##### RECORDS

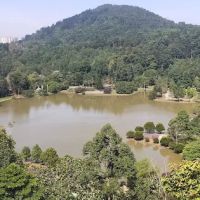 Gymnosperms Garden ico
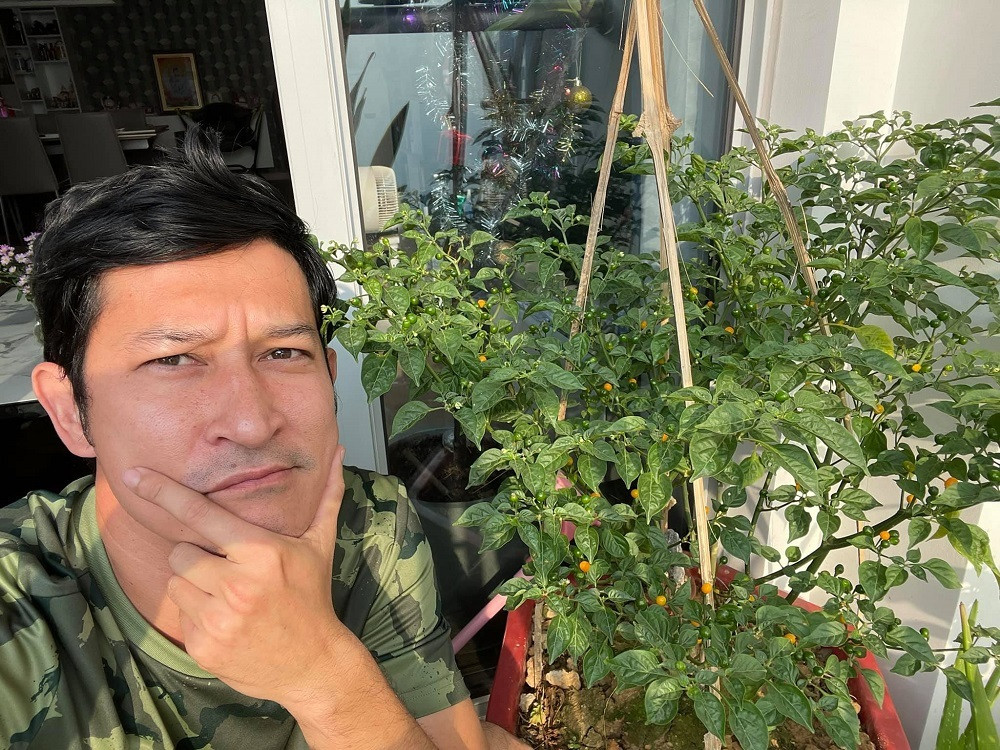 Huy Khánh trồng ớt charapita - loại ớt đắt nhất thế giới, làm kiểng. Cây ra quả, anh ngâm muối dùng dần.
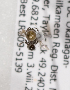  (Sphecodes BC06 - LRBBC2641)  @12 [ ] CreativeCommons - Attribution Non-Commercial Share-Alike (2009) L.R.Best York University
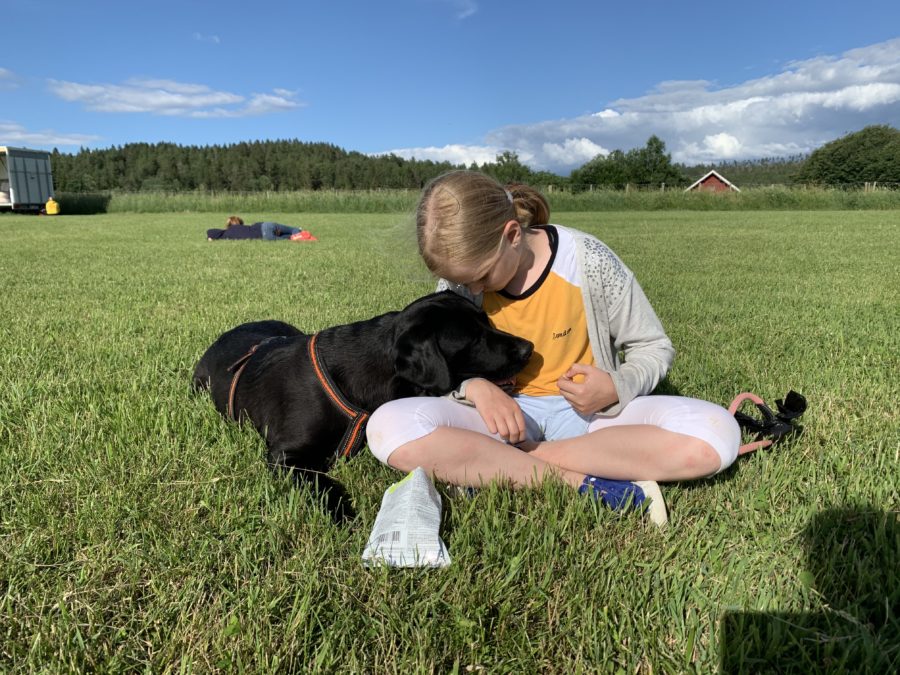 Barn&Hund sommerleir – sikre deg plass! hovedbilde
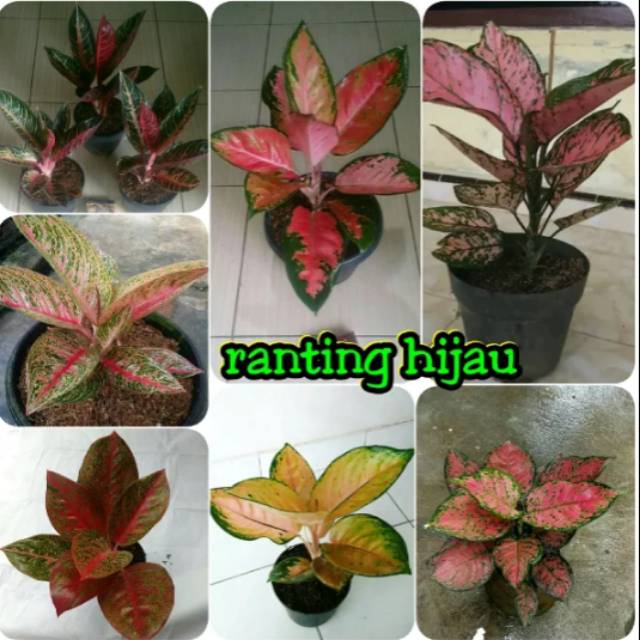 Bibit Bunga Aglonema 7 Jenis Red Sumatra Lady Valentine Sultan Brunai Dut Anjemani Red Stardust Dll Shopee Indonesia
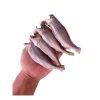 Khô cá lù đù Bến Tre giá rẻ 65k - Món ăn đậm vị mặn vừa ăn ngon chuẩn vị 2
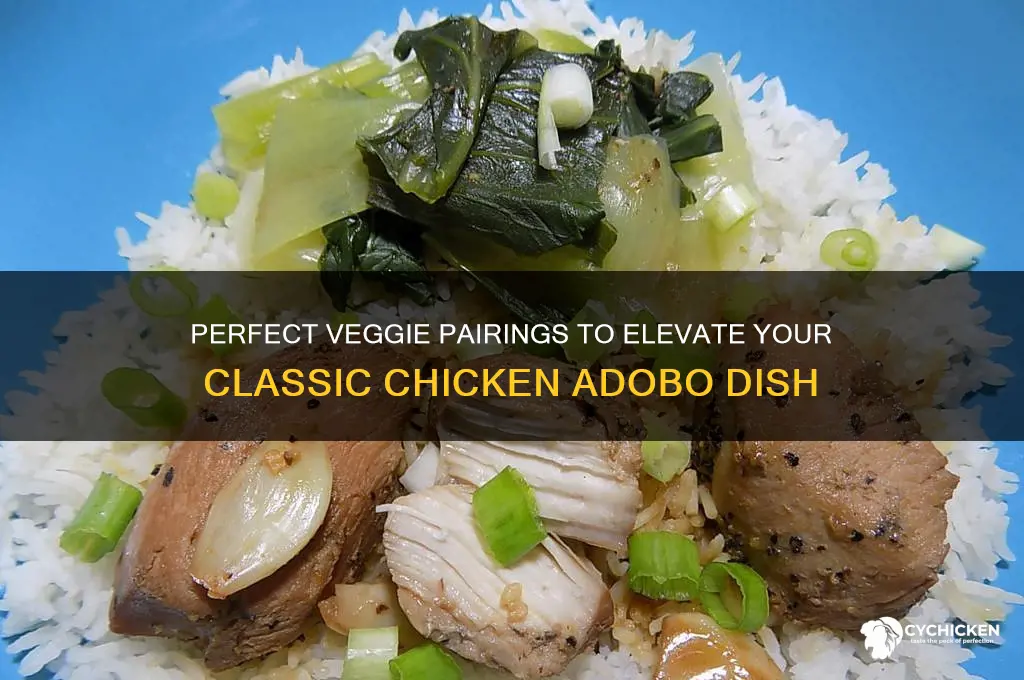 what vegetables go well with chicken adobo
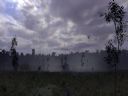 ArmA: Armed Assault [cz�� 78] "Spokojnie, to tylko gra" - T_bone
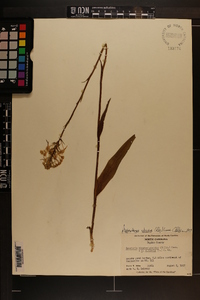 Platanthera x bicolor image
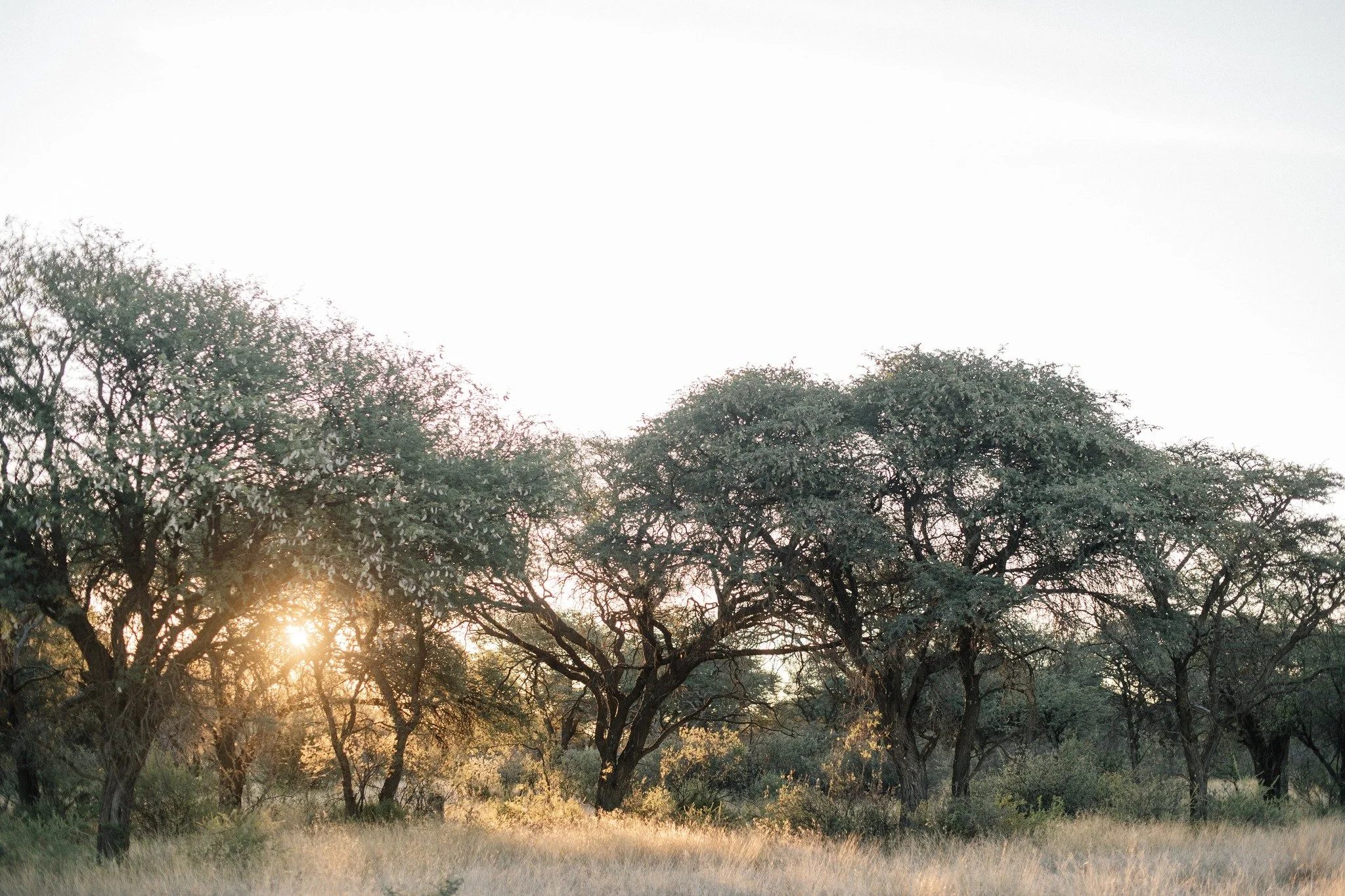 The Camelthorn trees stand like patient elders on the plains, long shadows stretching across quiet earth. Their presence reminds us that some stories are written slowly, in bark, wind, and time.

#Kameelhoek #HealingTheLand #SouthAfricanLandscapes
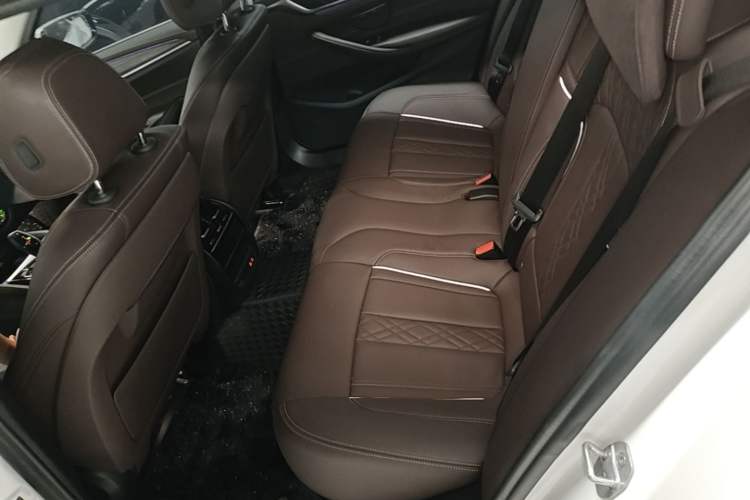 Used BMW 5 Series New Energy 2020 Mileage Upgrade Version 530Le Luxury Package Left Rear Seat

##########

_WORK TO COMPLETE_
Pictures stay out. Transcribe the lines from the start of the entries above through the line with "#Kameelhoek #HealingTheLand #SouthAfricanLandscapes", exactly.

_RESPONSE TO THE EXERCISE_
 Gymnosperms Garden ico
 Huy Khánh trồng ớt charapita - loại ớt đắt nhất thế giới, làm kiểng. Cây ra quả, anh ngâm muối dùng dần.
  (Sphecodes BC06 - LRBBC2641)  @12 [ ] CreativeCommons - Attribution Non-Commercial Share-Alike (2009) L.R.Best York University
 Barn&Hund sommerleir – sikre deg plass! hovedbilde
 Bibit Bunga Aglonema 7 Jenis Red Sumatra Lady Valentine Sultan Brunai Dut Anjemani Red Stardust Dll Shopee Indonesia
 Khô cá lù đù Bến Tre giá rẻ 65k - Món ăn đậm vị mặn vừa ăn ngon chuẩn vị 2
 what vegetables go well with chicken adobo
 ArmA: Armed Assault [cz�� 78] "Spokojnie, to tylko gra" - T_bone
 Platanthera x bicolor image
 The Camelthorn trees stand like patient elders on the plains, long shadows stretching across quiet earth. Their presence reminds us that some stories are written slowly, in bark, wind, and time.

#Kameelhoek #HealingTheLand #SouthAfricanLandscapes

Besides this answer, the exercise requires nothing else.